──────── Data shown
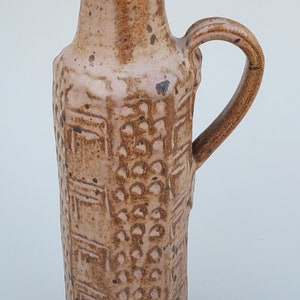 May include: A brown and pink ceramic pitcher with a textured surface and a handle. The pitcher has a narrow neck and a wide base.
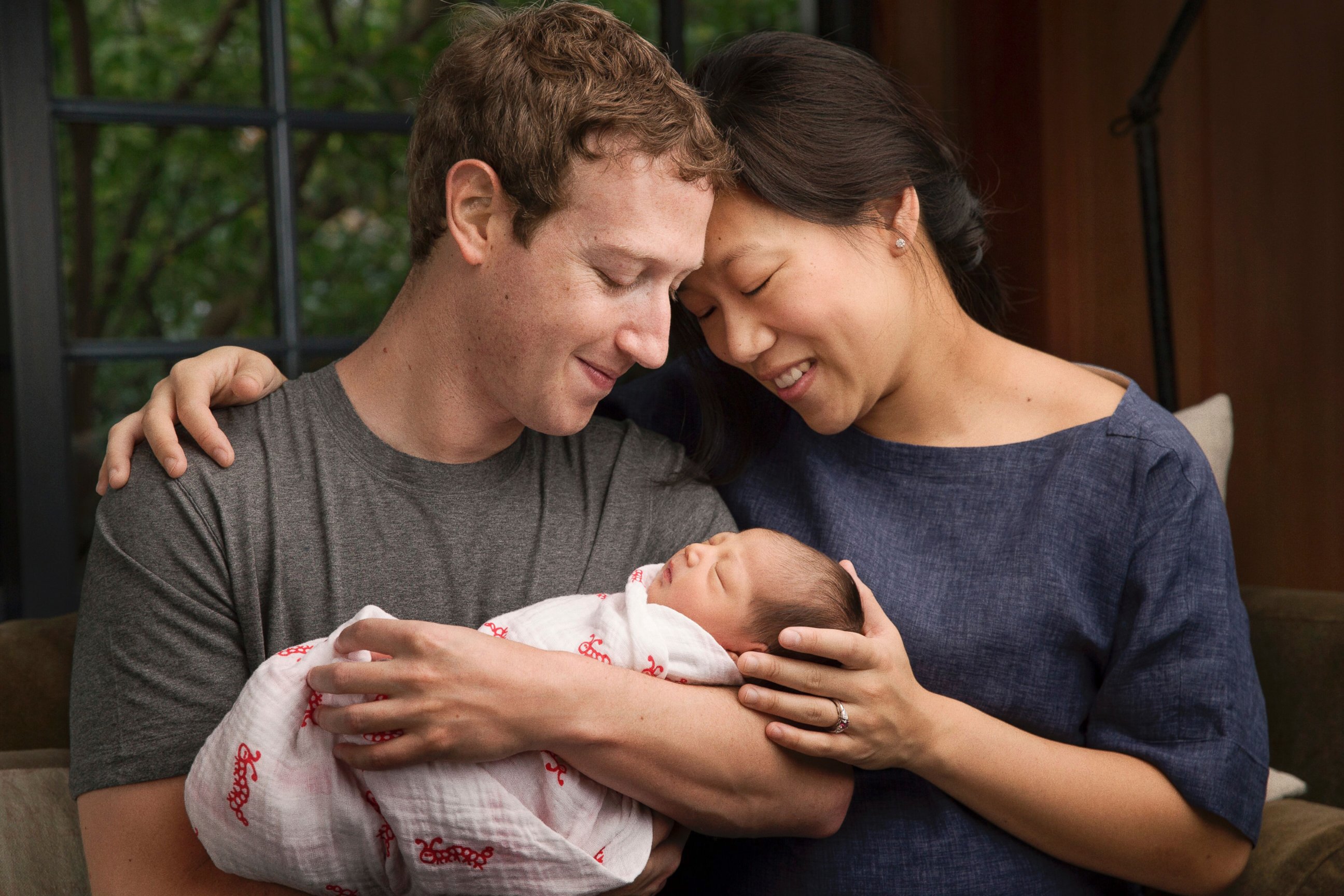 PHOTO: Max Chan Zuckerberg is held by her parents, Mark Zuckerberg and Priscilla Chan Zuckerberg in this undated photo provided by Mark Zuckerberg.  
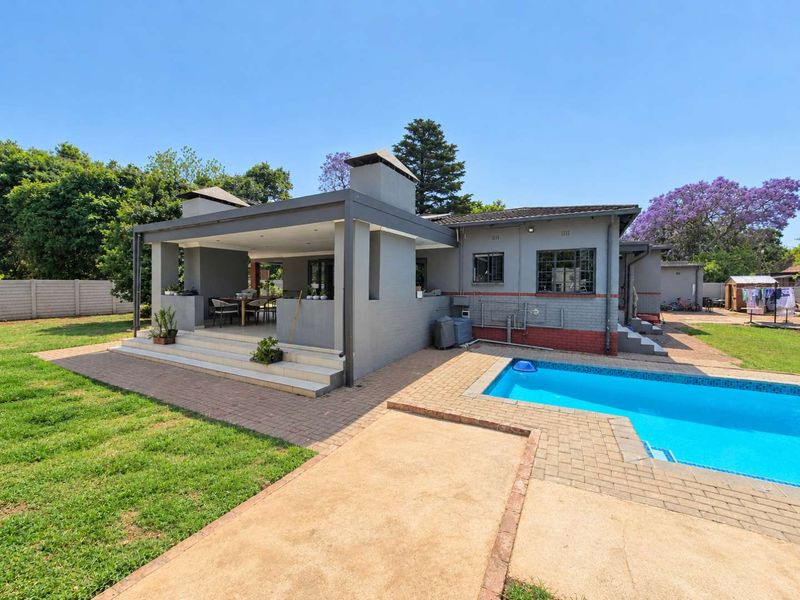 Rear view of the property featuring a covered patio with a built-in fireplace, a swimming pool, and a spacious garden area.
────────────────
**Problem requirements:**
Your answer must reproduce exactly the lines from the line with "PHOTO: Max Chan" through the end of the material, both ends included, with every picture dropped.

**The answer:**
 PHOTO: Max Chan Zuckerberg is held by her parents, Mark Zuckerberg and Priscilla Chan Zuckerberg in this undated photo provided by Mark Zuckerberg.  
 Rear view of the property featuring a covered patio with a built-in fireplace, a swimming pool, and a spacious garden area.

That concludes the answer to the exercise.